Seattle-area market research firm Metaari has released its annual tally of global edtech investment, and the numbers are eye-popping. Across all markets for learning technology, worldwide funding reached a record $ 9.52 billion in 2017, up 30 percent from the previous year’s total.
Metaari said 813 different edtech companies received funding last year, also a record number.
Metaari Chief Researcher Sam Adkins said in a statement accompanying the release of the new whitepaper, The 2017 Global Learning Technology Investment Patterns, that of the more than $ 37.8 billion invested in education technology companies since 1997, “a striking 62% of that was invested in just the last three years between 2015 and 2017.”
But in case you think startups targeting schools and colleges are the recipients of this windfall, not so. Consumer- and corporate-facing learning companies are dominant, with consumer companies raising more in 2017, at $ 3.85 billion, than corporate companies, at $ 3.79 billion, for the first time. PreK-12 companies received 13 percent of the overall global investment, and higher education companies got 8 percent, for a combined 21 percent of the money going to PreK-20 companies.
There are also some less-bright spots when looking at geographical differences:
- India saw a drop in both the number of deals and total dollars invested, from $ 564 million in 2016 to $ 398 million in 2017.
- Latin America had a sharp decrease in funding, totaling $ 61 million, with six of the nine companies receiving investment located in Brazil.
- China continued to attract a “massive” amount of edtech company funding, at $ 1.77 billion, but down from $ 2.06 billion a year earlier.
Still, the report said U.S. companies remained at the top for edtech investment, accounting for over 58 percent of all learning technology funding in 2017, “more than three times the investment that went to companies in China,” Adkins stated.
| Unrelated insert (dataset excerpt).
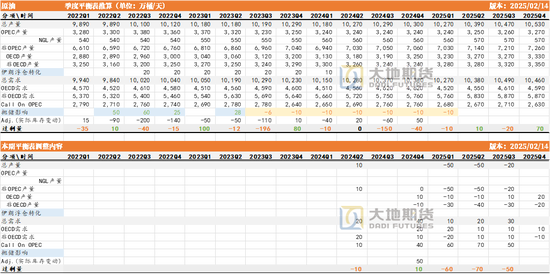 原油熱點評論：兩個事實，兩個問題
Metaari’s figures and methodology differ from some others who track edtech funding by taking a broadly defined, global view of edtech. For example, EdSurge also reported an uptick in education technology funding in 2017, but it focused only on U.S. K-20 investment. EdSurge’s annual total of venture investment in U.S. startups was $ 1.2 billion, higher than 2016’s tally but not quite reaching 2015’s record peak.